* **EXERCISE**
Word for word, please copy the listing below, with its pictures left out.

* **DATA SEGMENT**
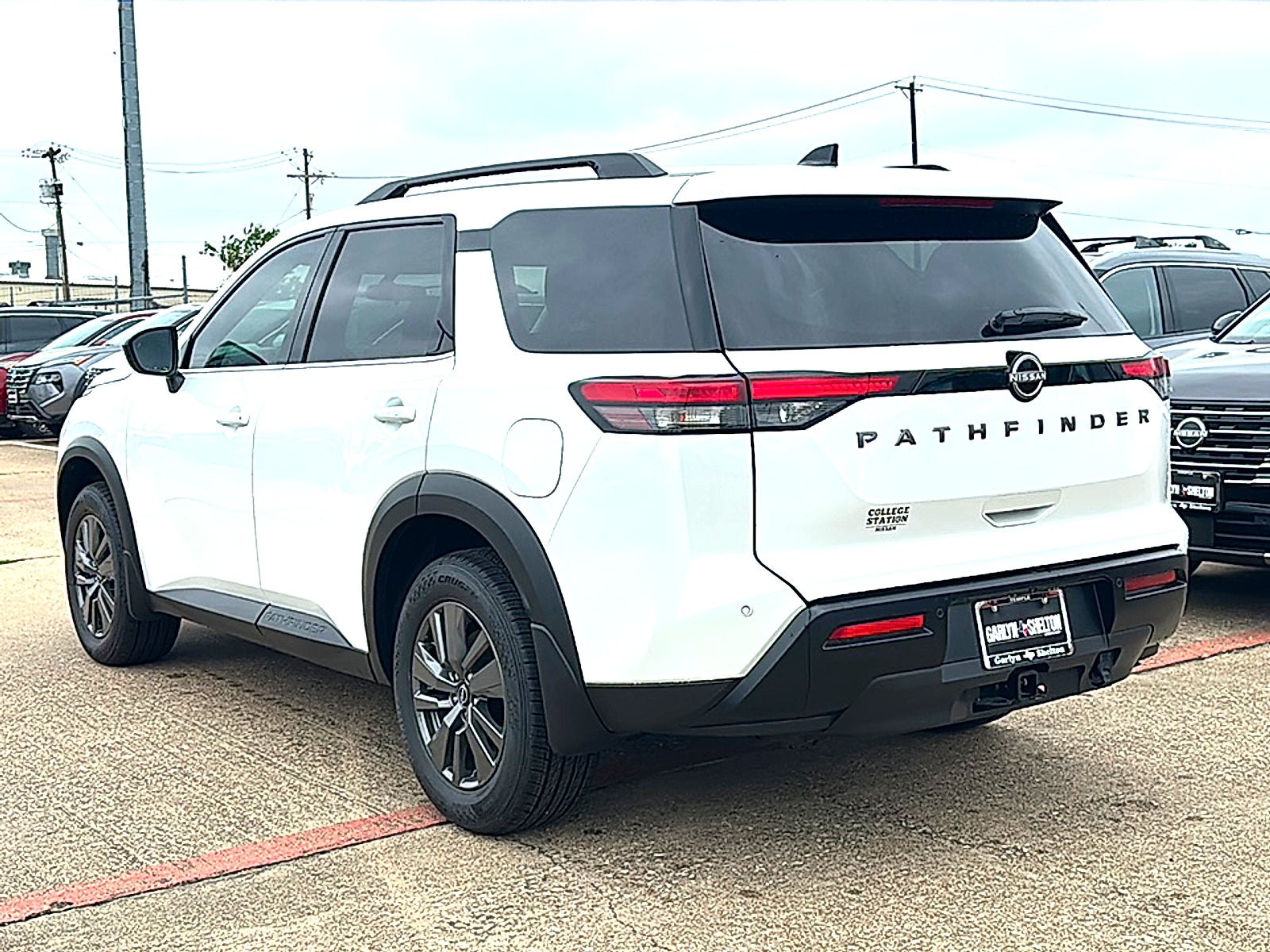 2026 Nissan Pathfinder SV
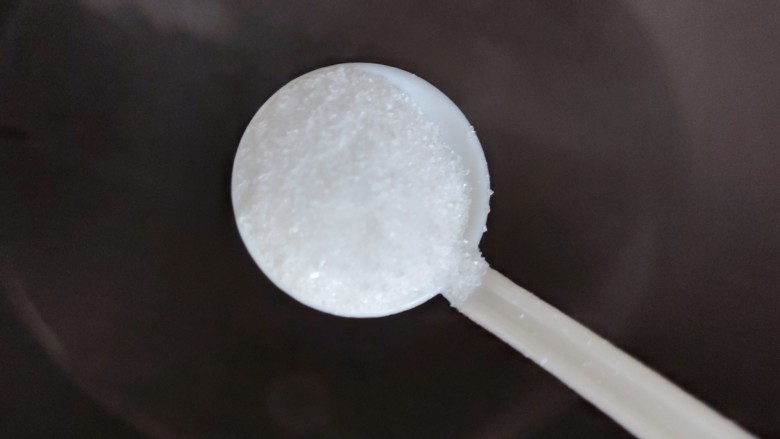 芦笋炒蘑菇,锅内煮适量清水,水开后加一小勺细盐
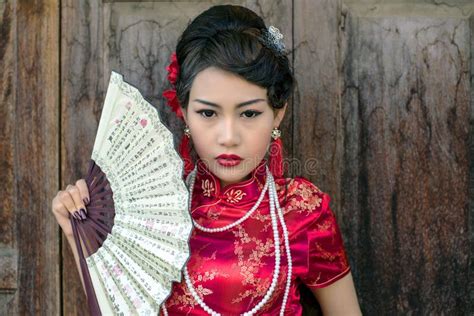 Cheongsam Traditionnel De Robe Rouge Chinoise De Femme Image Stock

* **RESULT FOR THIS TASK**
 2026 Nissan Pathfinder SV
 芦笋炒蘑菇,锅内煮适量清水,水开后加一小勺细盐
 Cheongsam Traditionnel De Robe Rouge Chinoise De Femme Image Stock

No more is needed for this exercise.